_Exercise details_: From the line containing "Air Fryer XL, 1500W" to the line containing "Challenge Coin /" in the records below, set down every line exactly as it stands, both ends included, and skip the pictures.

_Dataset content_:
▼

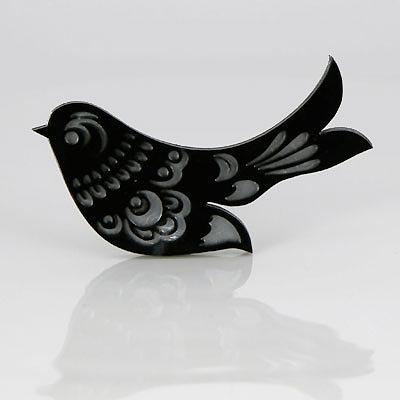 Hohloma Bird Brooch - Black & Aluminium by a skulk of foxes
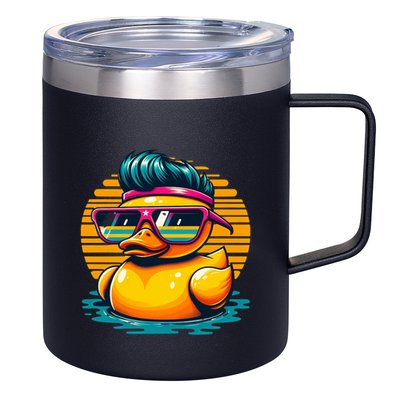 Cool Retro Yellow Duck In Sunglasses 70s 80s 90s Funny Duck 12oz Stainless Steel Coffee Mug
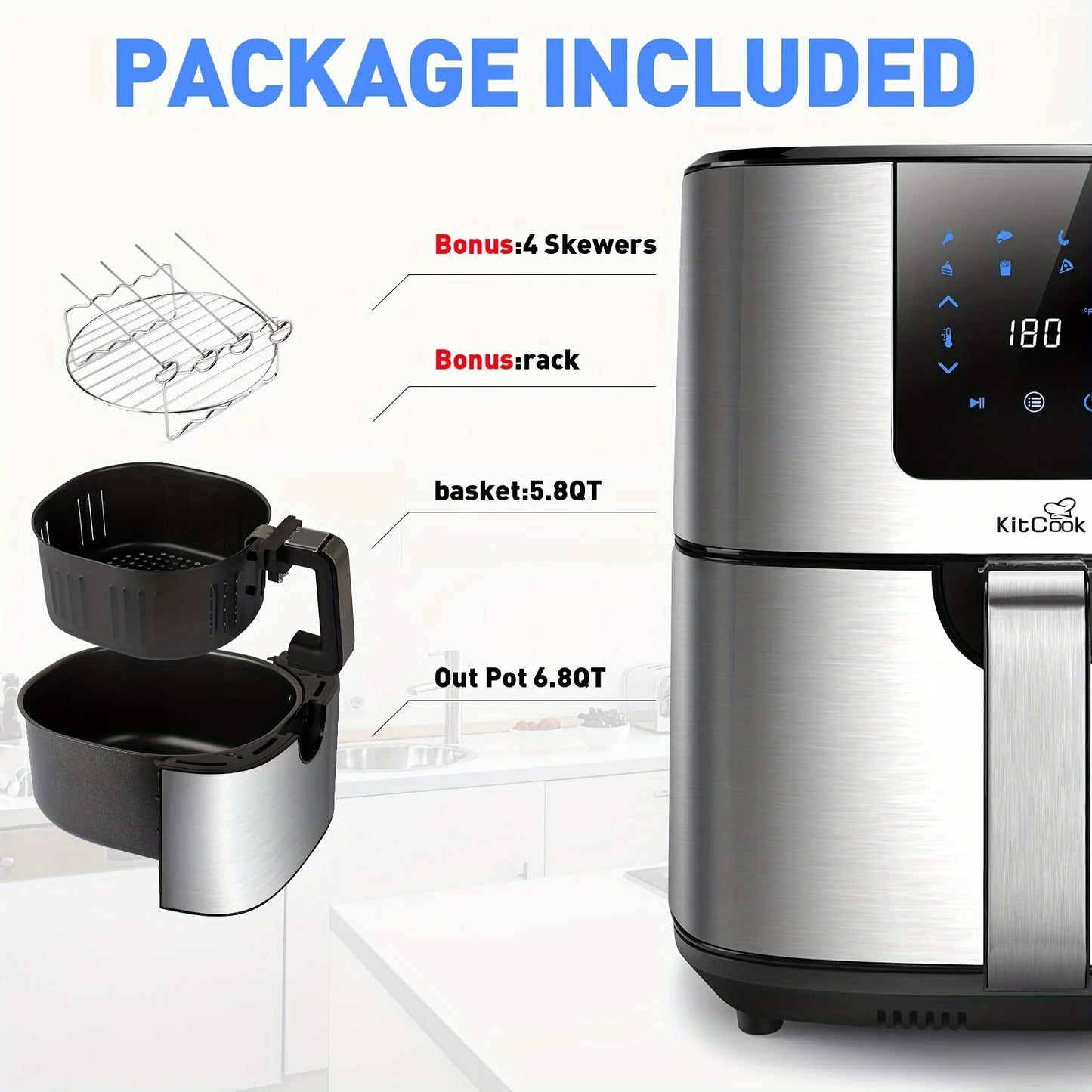 Air Fryer XL, 1500W 120V 6.8QT Stainless Steel Air Fryers Oven, Nonstick Basket, LED Touch Screen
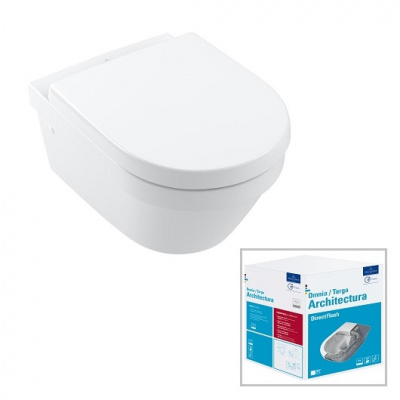 Унитаз подвесной безободковый Architectura с сиденьем-микролифт 4694HR01 Villeroy&Boch фото в интернет-магазине Русалия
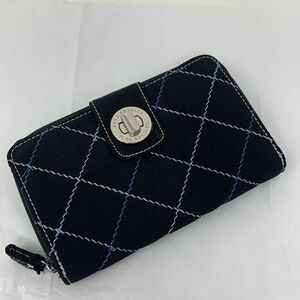 Vera Bradley Black Quilted Fabric Turn Lock Zippered Wallet Clutch
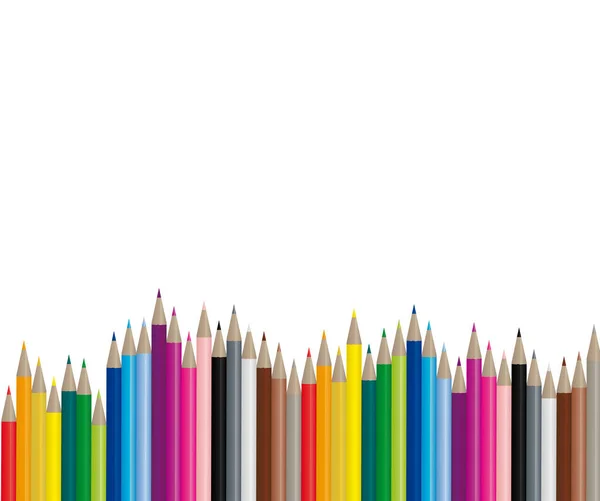 彩色铅笔有许多不同的颜色 使用起来很方便 因为它是一个矢量图像 — 图库矢量图片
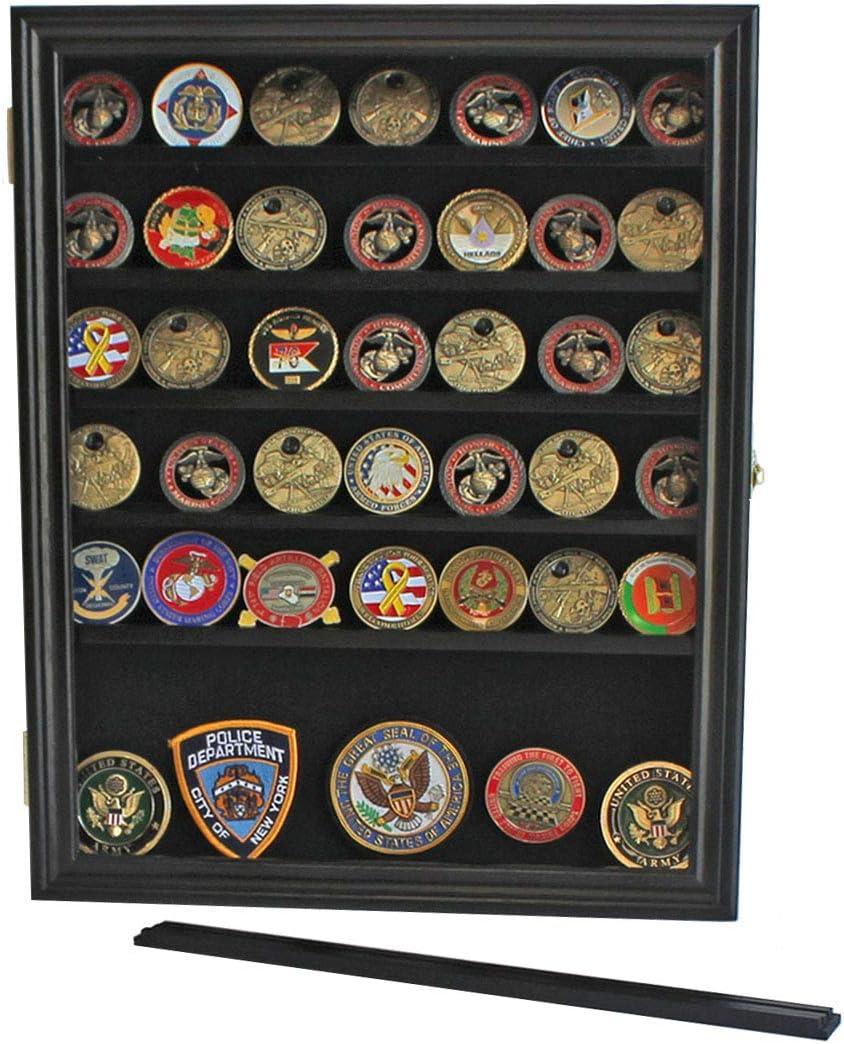 Challenge Coin / Casino Chip Display Case Cabinet Holder Shadow Box, Glass Door, Black (COIN56-BL)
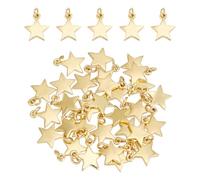 CRAFTYMELODY 30 pendentif Étoile en Laiton Plaqué Or 18 carats Pendentif Étoile à Cinq Branches en Métal avec Anneau de Jonction pour la Fabrication de Bijoux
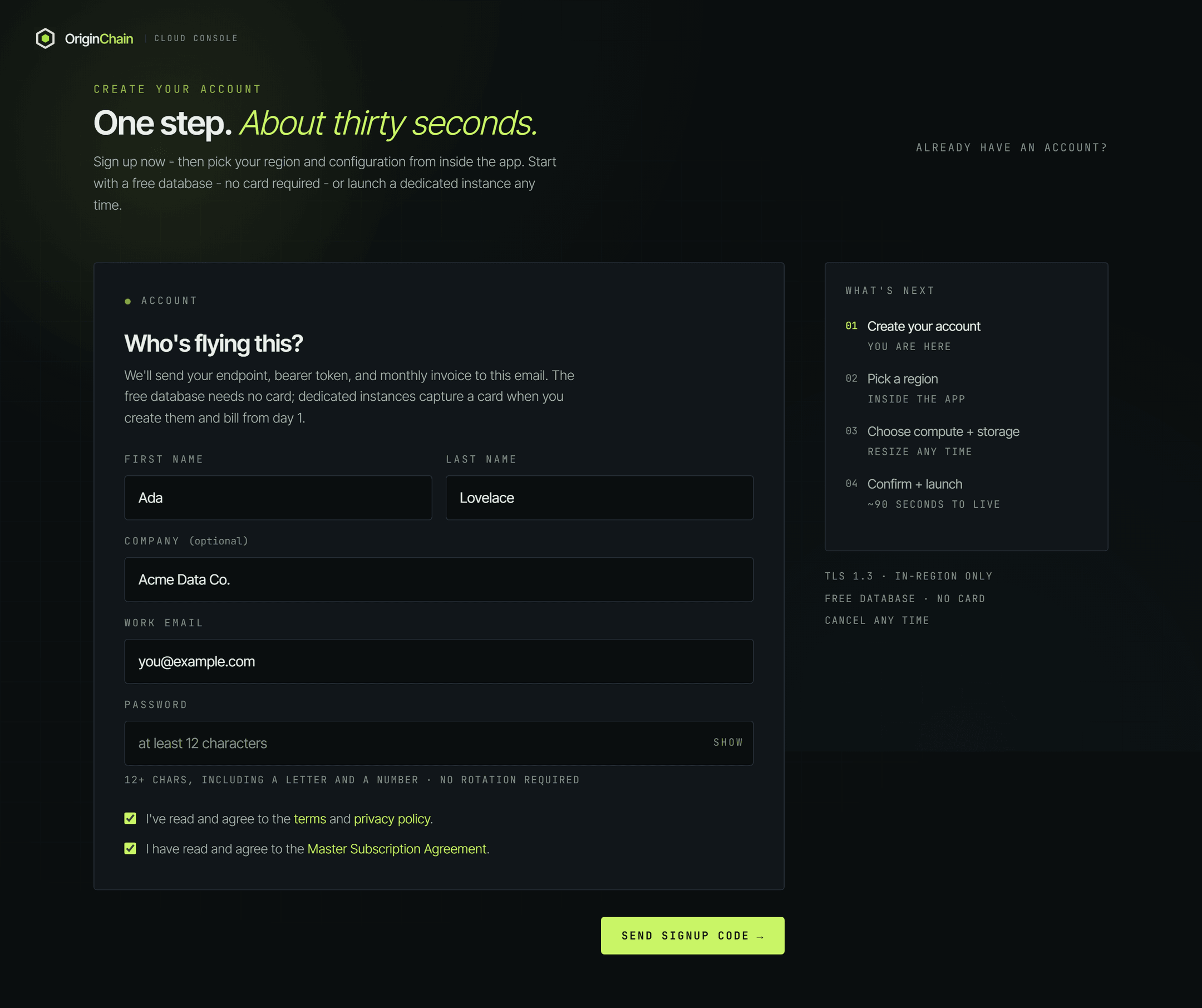 The OriginChainDB signup form filled in with example details - first and last name, company, and work email - with both agreement checkboxes ticked and the Send signup code button below them.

▲

_Response area_:
 Air Fryer XL, 1500W 120V 6.8QT Stainless Steel Air Fryers Oven, Nonstick Basket, LED Touch Screen
 Унитаз подвесной безободковый Architectura с сиденьем-микролифт 4694HR01 Villeroy&Boch фото в интернет-магазине Русалия
 Vera Bradley Black Quilted Fabric Turn Lock Zippered Wallet Clutch
 彩色铅笔有许多不同的颜色 使用起来很方便 因为它是一个矢量图像 — 图库矢量图片
 Challenge Coin / Casino Chip Display Case Cabinet Holder Shadow Box, Glass Door, Black (COIN56-BL)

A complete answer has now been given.